-------- Data section --------

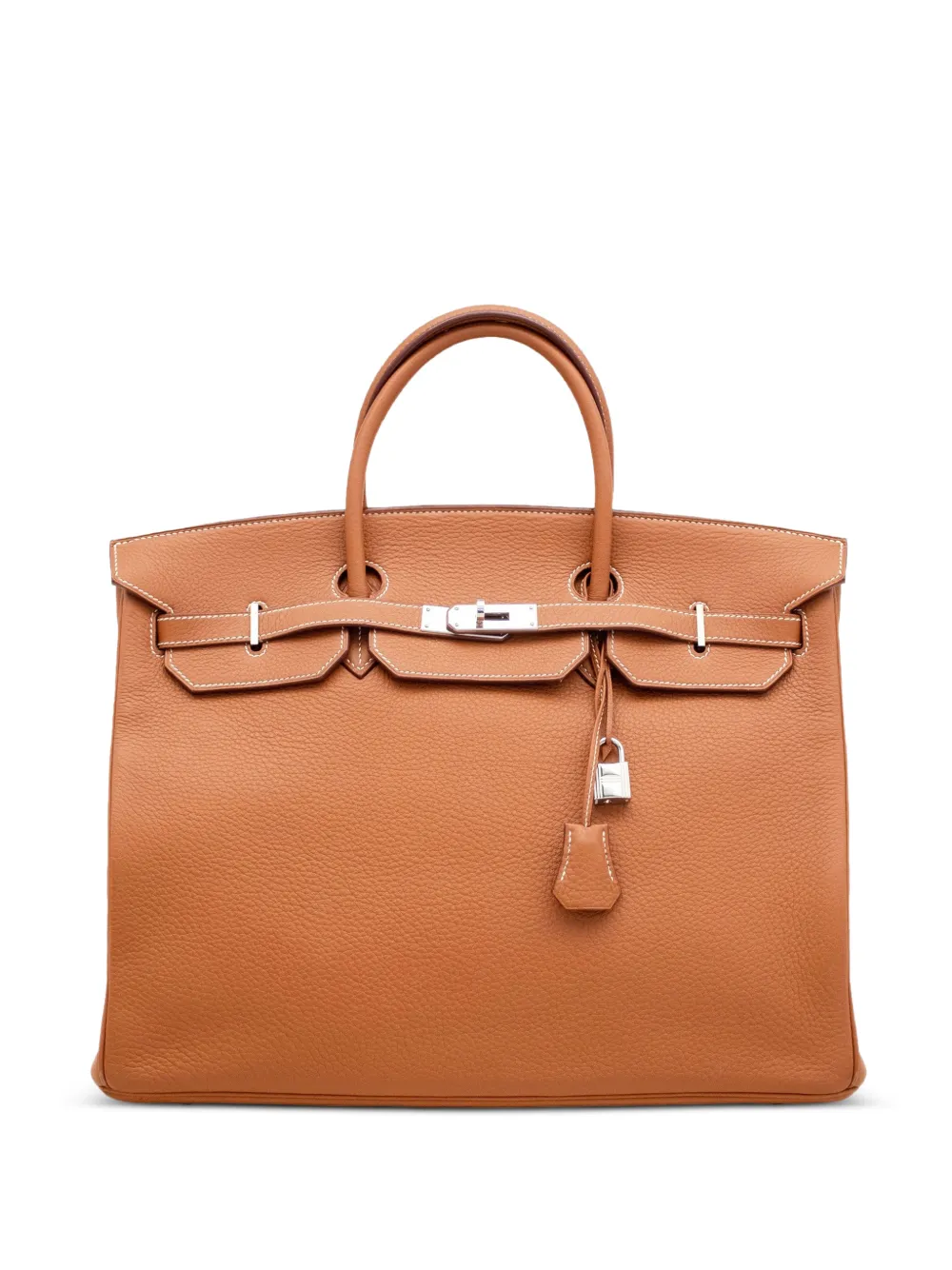 Hermès Pre-Owned 2006 Birkin 40 Togo leather tote bag - Toni neutri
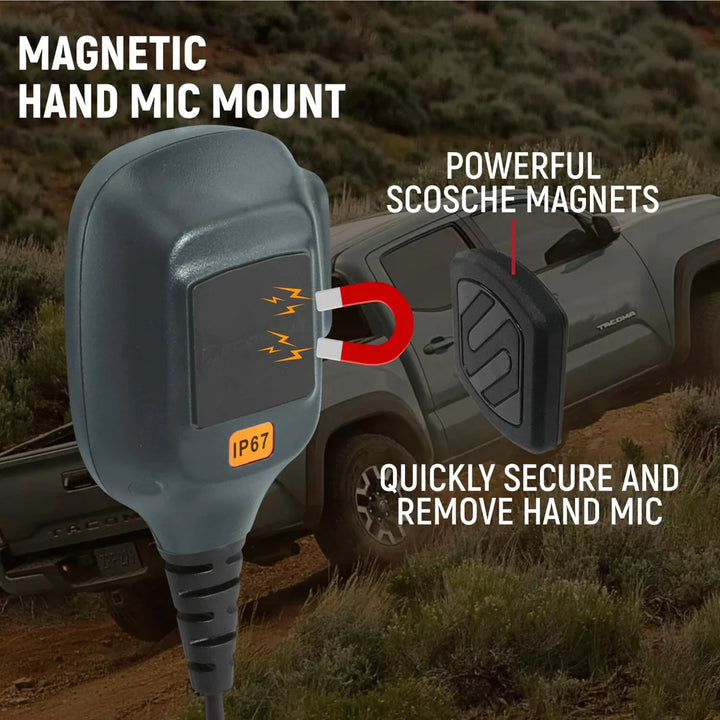 2005+ Toyota Tacoma Two-Way GMRS 25 Mobile Radio Kit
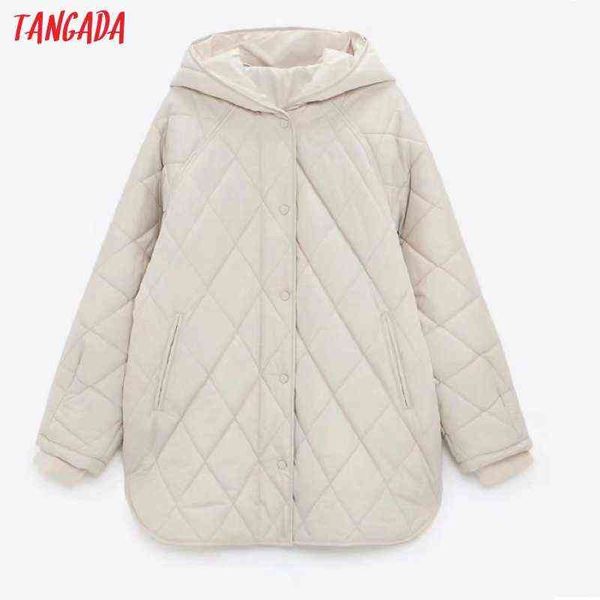 tangada women beige oversize long hood parkas autumn winter long sleeve buttons pockets female warm coat 6w02 211130, Black
tangada women beige oversize long hood parkas autumn winter long sleeve buttons pockets female warm coat 6w02 211130, Black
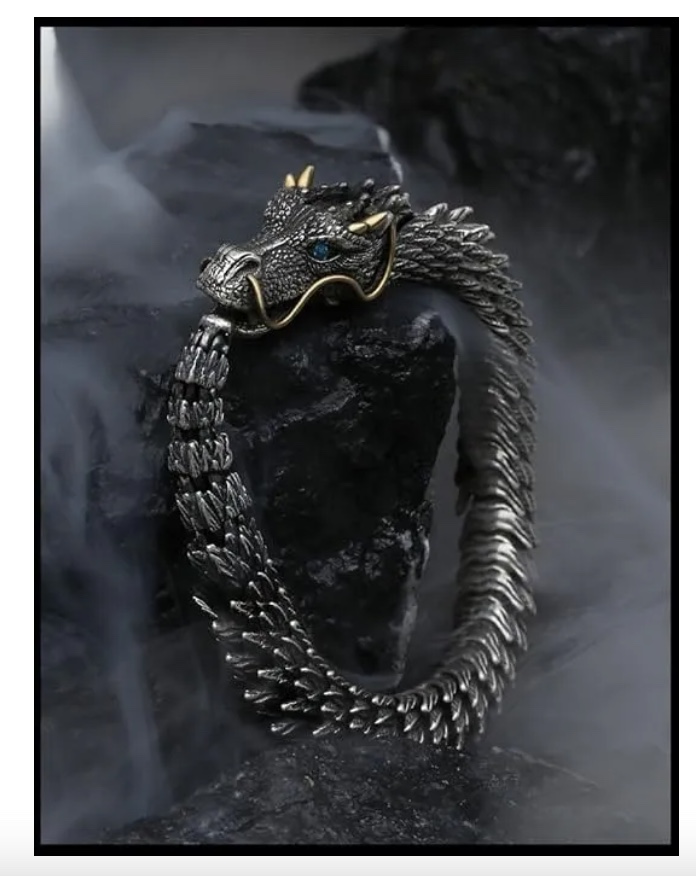 PULSERA PLATA DRAGON FENG SHUI - 4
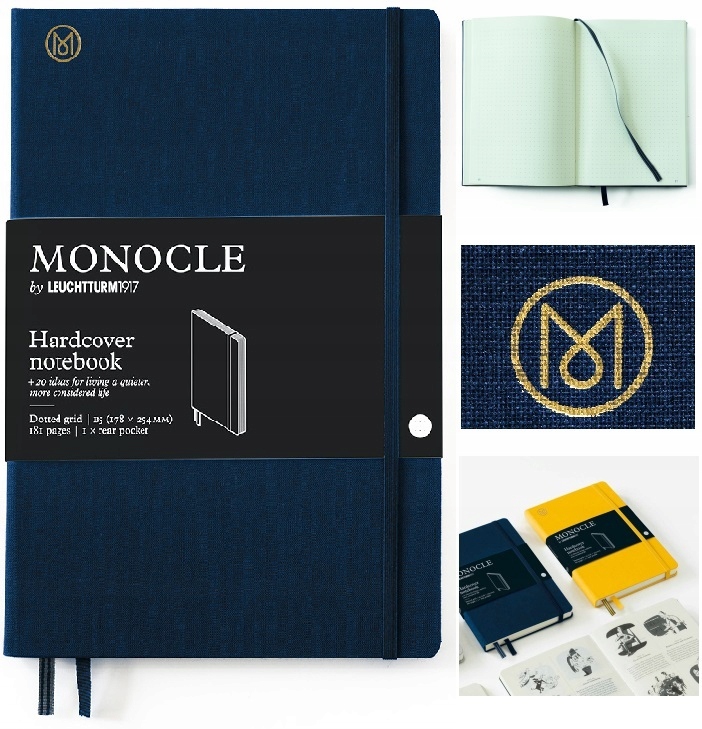 LEUCHTTURM1917 Notatnik Notes Twardy B5 Kropka zeszyt w kropki Monocle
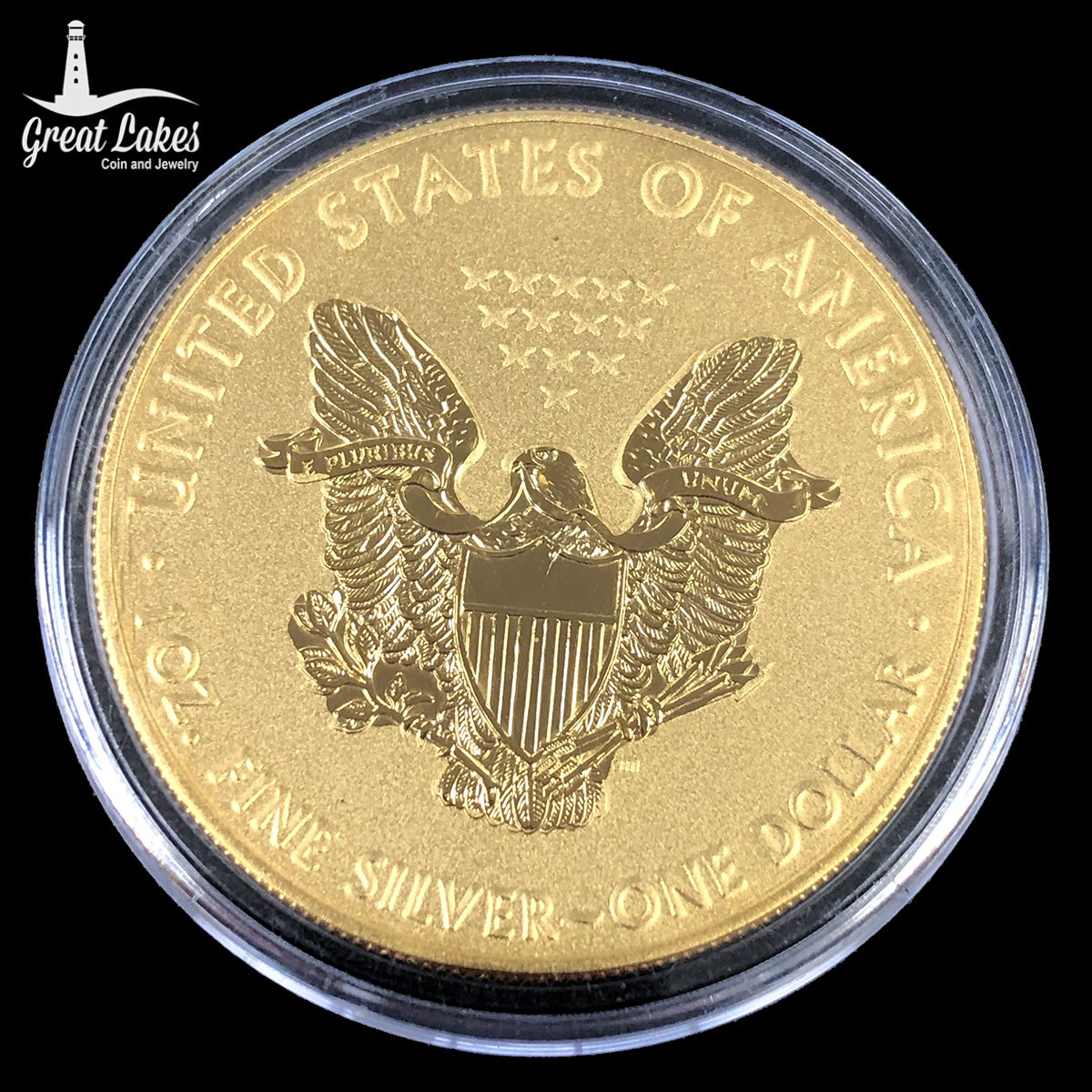 2006 1 oz American Silver Eagle Gilded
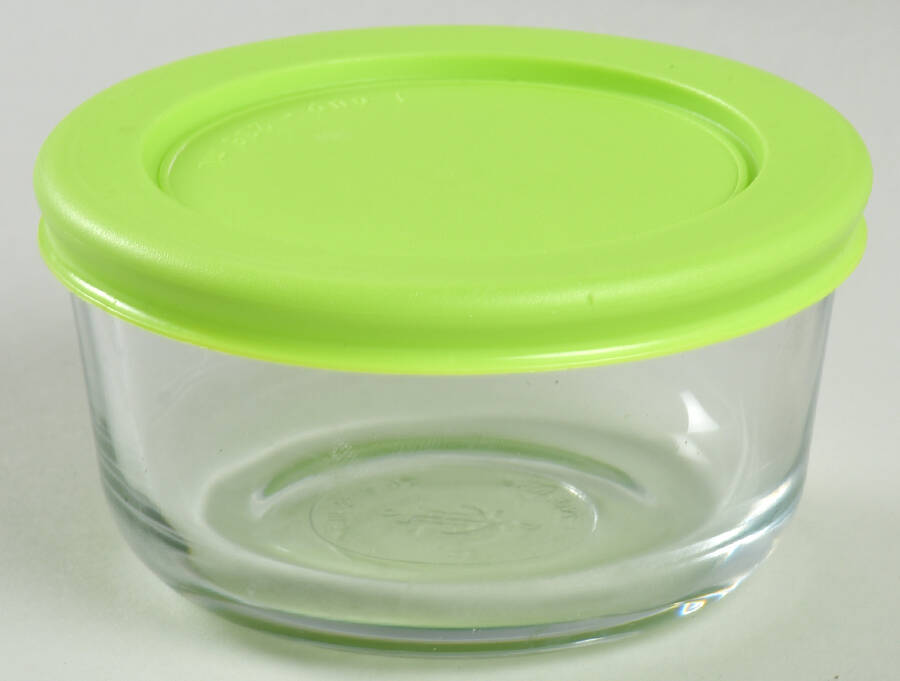 Oven Basics 3" Storage Bowl with Plastic Lid by Anchor Hocking-1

--------

_Directions for this task_
Every entry above should be returned exactly, with no images included.

_Written response_
 Hermès Pre-Owned 2006 Birkin 40 Togo leather tote bag - Toni neutri
 2005+ Toyota Tacoma Two-Way GMRS 25 Mobile Radio Kit
 tangada women beige oversize long hood parkas autumn winter long sleeve buttons pockets female warm coat 6w02 211130, Black
tangada women beige oversize long hood parkas autumn winter long sleeve buttons pockets female warm coat 6w02 211130, Black
 PULSERA PLATA DRAGON FENG SHUI - 4
 LEUCHTTURM1917 Notatnik Notes Twardy B5 Kropka zeszyt w kropki Monocle
 2006 1 oz American Silver Eagle Gilded
 Oven Basics 3" Storage Bowl with Plastic Lid by Anchor Hocking-1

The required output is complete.